There are some comments that can be applied to improve paper quality as follows:
1. The paper must be proofread.
2. As authors stated in the abstract, they discussed the security of the proposed method, but in the discussion section this section is not explained clearly.
3. The discussion section can be improved by showing some graphs and tables.
4. The proposed method must be compared to the most related works.
Author Response
Point 1: The paper must be proofread.
Response 1: The revised version of the paper was proofread by a CELTA-certified English teacher and legal translator.
Point 2: As authors stated in the abstract, they discussed the security of the proposed method, but in the discussion section this section is not explained clearly.
Response 2: There is section 2.10. Security and ethics, where these aspects are discussed, and, also, an overview in terms of security pertaining to the board game search use-case was added to the Discussion section.
Point 3: The discussion section can be improved by showing some graphs and tables.
Response 3: Besides the existing table in the Appendix, two more charts were added and discussed (Figures 3 and B1).
Point 4: The proposed method must be compared to the most related works.

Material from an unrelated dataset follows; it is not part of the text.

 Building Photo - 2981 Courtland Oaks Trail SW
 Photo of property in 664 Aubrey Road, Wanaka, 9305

Response 4: There is a brief mention of the related work in the Introduction section, but the Discussion section was significantly extended in the revised version to include a comparison between the proposed method and existing solutions.
Reviewer 3 Report
The author in this paper has presented a method for the processing steps to produce efficient vertical search engine including retrieval, extraction, presentation, and delivery. The paper has serious flaws and the following comments require serious attention:
1. What is the paper contribution? The current proposal does not count as a contribution. Many search engines are out there with excellent efficiency and performance. If I do not see a novel contribution, I can not qualify this as a work to be published!
2. The paper continues no section for literature study. Add a full section on related work. Consider work related to security and privacy, AI and deep learning. I recommend the following paper to enrich your article:
- M. Aloqaily, I. Al Ridhawi, H. B. Salameh, Y. Jararweh, Data and service management in densely crowded environments: Challenges, opportunities, and recent developments, IEEE Communications Magazine.

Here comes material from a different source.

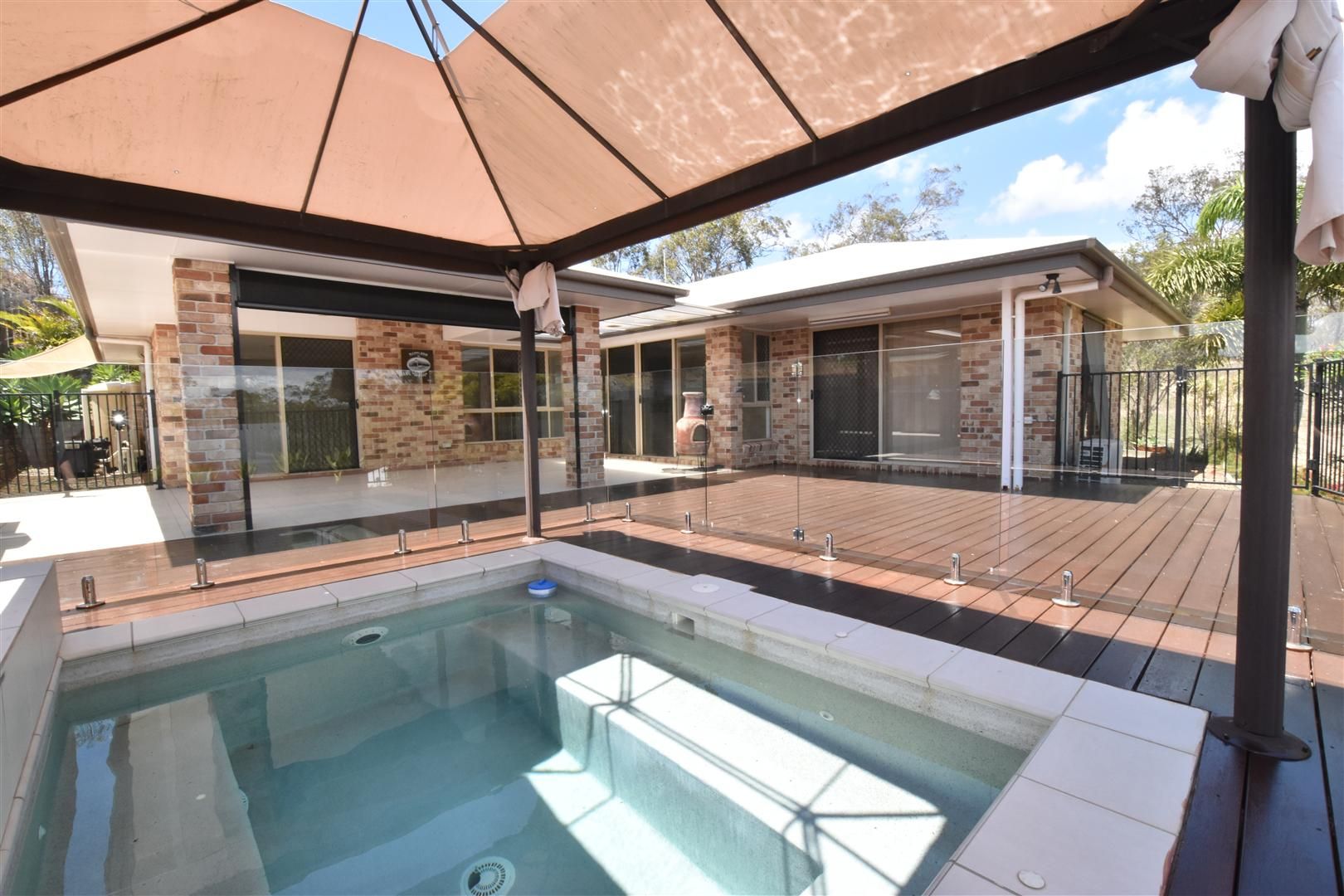 17 LINGWOODOCK Place, Glen Eden, QLD 4680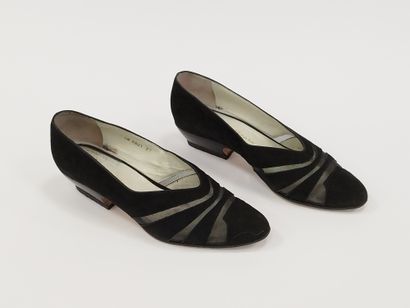 ROBERT CLERGERIE 

Paire d'escarpins en cuir...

- S. Otoum, B. Kantarci and H. T. Mouftah, "On the Feasibility of Deep Learning in Sensor Network Intrusion Detection," in IEEE Networking Letters.
Silva R., Iqbal R.: “Ethical Implications of Social Internet of Vehicle Systems”, IEEE Internet of Things Journal, Early Access, 2018.
Kendrick, Phillip, et al. "An Efficient Multi-Cloud Service Composition Using a Distributed Multiagent-based, Memory-driven Approach." IEEE Transactions on Sustainable Computing (2018).
- Aloqaily, Moayad, et al. "An Intrusion Detection System for Connected Vehicles in Smart Cities." Ad Hoc Networks (2019).
- S. Otoum, B. Kantarci, and H. Mouftah, "Adaptively supervised and intrusion-aware data aggregation for wireless sensor clusters in critical infrastructures " 2018 IEEE International Conference on Communications (ICC), Kansas City, MO, 2018, pp. 1-6.- Oueida, Soraia, et al. "An Edge Computing Based Smart Healthcare Framework for Resource Management." Sensors 18.12 (2018): 4307.
- D. Turgut and L. Boloni. Value of Information and Cost of Privacy in the Internet of Things. IEEE Communications Magazine, 55(9):62ذ66, September 2017.
- S. Otoum, B. Kantarci and H. T. Mouftah, "Detection of Known and Unknown Intrusive Sensor Behavior in Critical Applications," in IEEE Sensors Letters, vol. 1, no. 5, pp. 1-4, Oct. 2017, Art no. 7500804.
3. Your paper title includes an Optimization keyword. However, I have seen where exactly the optimization has been done or apploed to?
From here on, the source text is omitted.